Ex-Citi man in insider probe
A FORMER Citigroup hedge fund manager was the latest figure to be identified as a co-conspirator in the US authorities’ probe into insider trading yesterday.
Samir Barai, a Citi managing director who founded Barai Capital Management in 2008, was the fund manager referred to in court papers who allegedly took inside information on technology stocks from 2006 to 2008, a Wall St Journal report said.
Barai’s involvement is the first time a hedge fund manager has been implicated in the case, which is investigating whether technology firm employees passed information to funds. A number of employees have been arrested and charged but no hedge funds had been implicated until now.
Barai has not yet been charged with any wrongdoing.
Barai’s involvement centres on a complaint filed by the US Attorney in December, which charges a technology consultant, Winifred Jiau, with insider trading.

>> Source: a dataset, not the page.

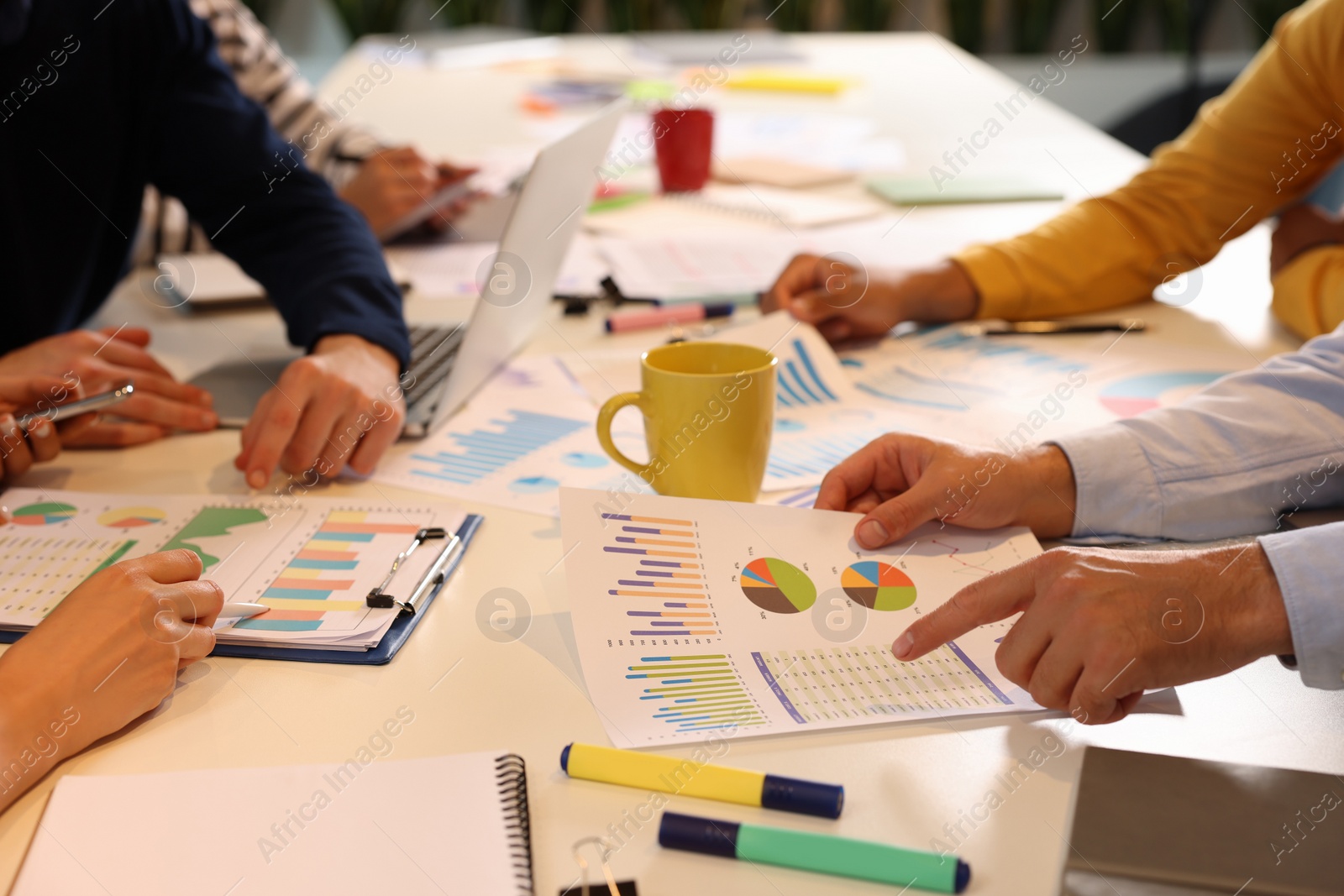 Photo of Team of employees working with charts at table, closeup. Startup project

Jiau was charged with sharing private information about companies including Marvell and Nvidia in a number of telephone conversations with a hedge fund manager.

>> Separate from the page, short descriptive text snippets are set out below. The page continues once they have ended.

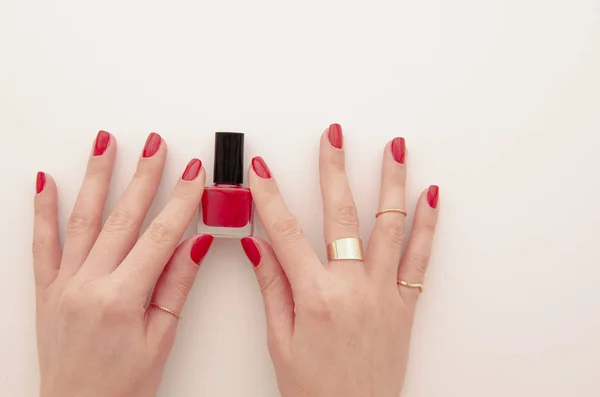 Piso laico arreglado manos de las mujeres con esmalte de uñas rojo botella aislada en blanco. Barnizado de uñas en color rojo. Concepto de manicura — Foto de Stock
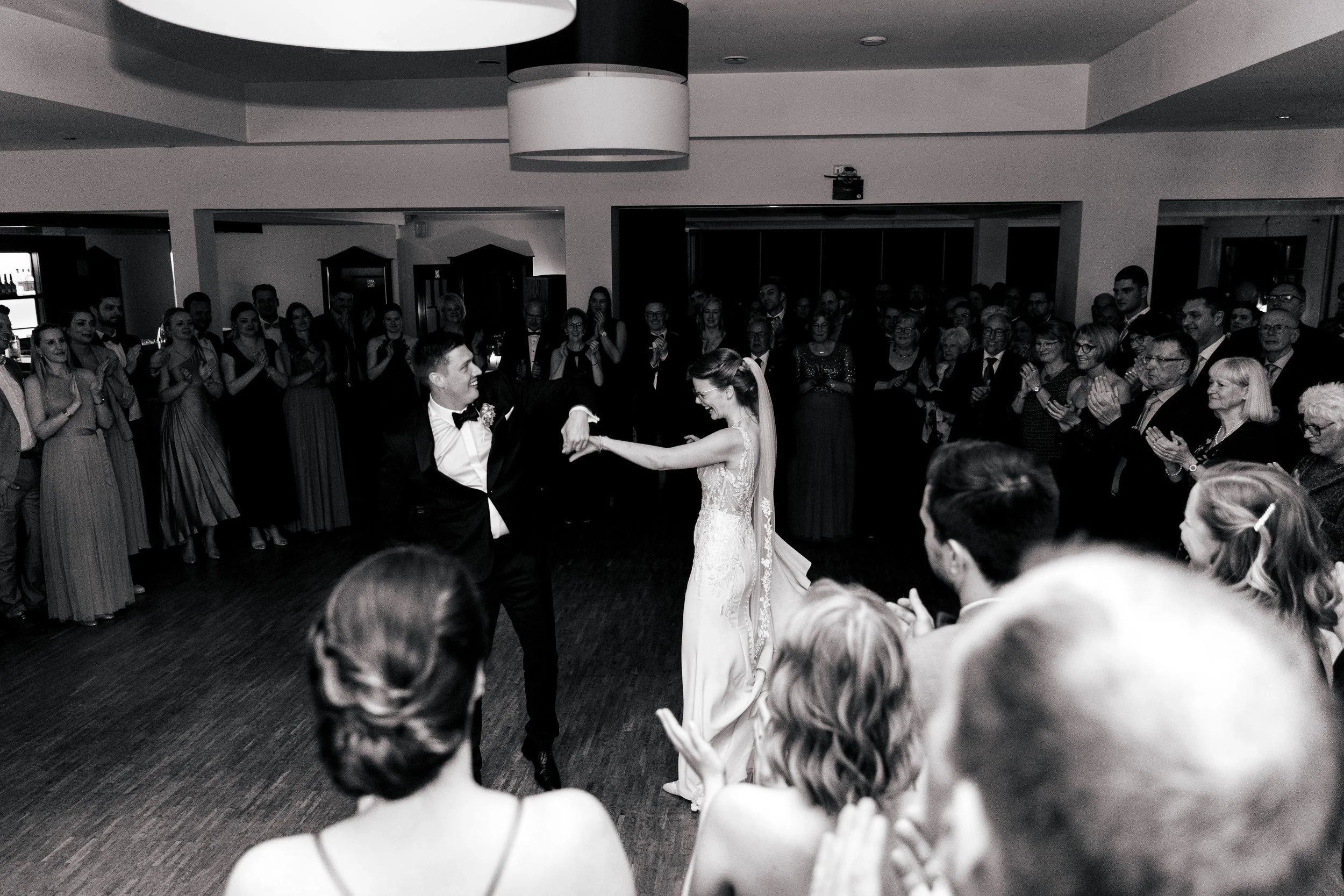Ein Brautpaar tanzt auf einer Hochzeit vor einer großen Gruppe von Gästen, die applaudieren und zuschauen.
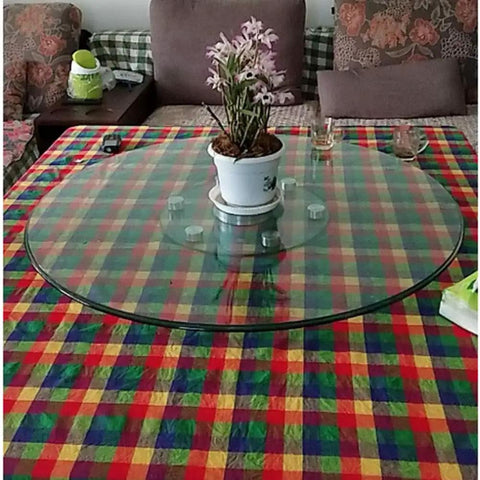 Rotating Lazy Susan Turntable with tempered glass on a dining table displaying a potted plant, 360-degree swivel plate visible.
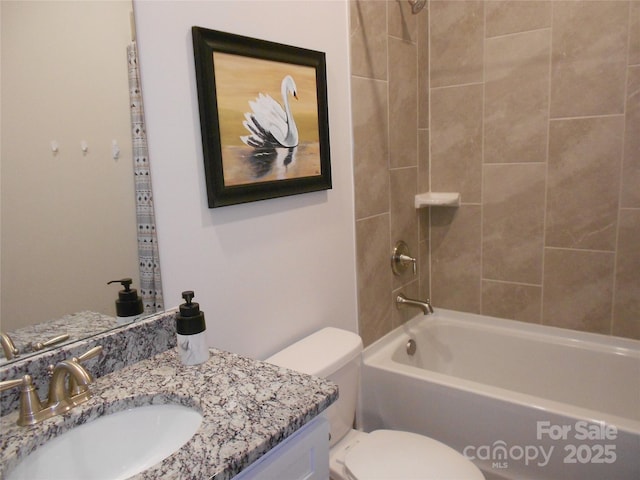 bathroom featuring toilet, shower / tub combination, and vanity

In two such calls made in May 2008, Jiau told hedge fund portfolio managers confidential information about Marvell’s quarterly revenues, margins and earnings per share, before the public announcement.
But the recordings of those conversations were seized by US law enforcers after a raid on Barai’s offices, reports said.
The complaint alleges that Barai’s firm made profits of more than $820,000 (£517,000) from the tips. Jiau received more than $200,000 from the funds as a consultant with an “expert networking firm,” Primary Global Research.
Eight employees of the networking firm have now been arrested in the probe.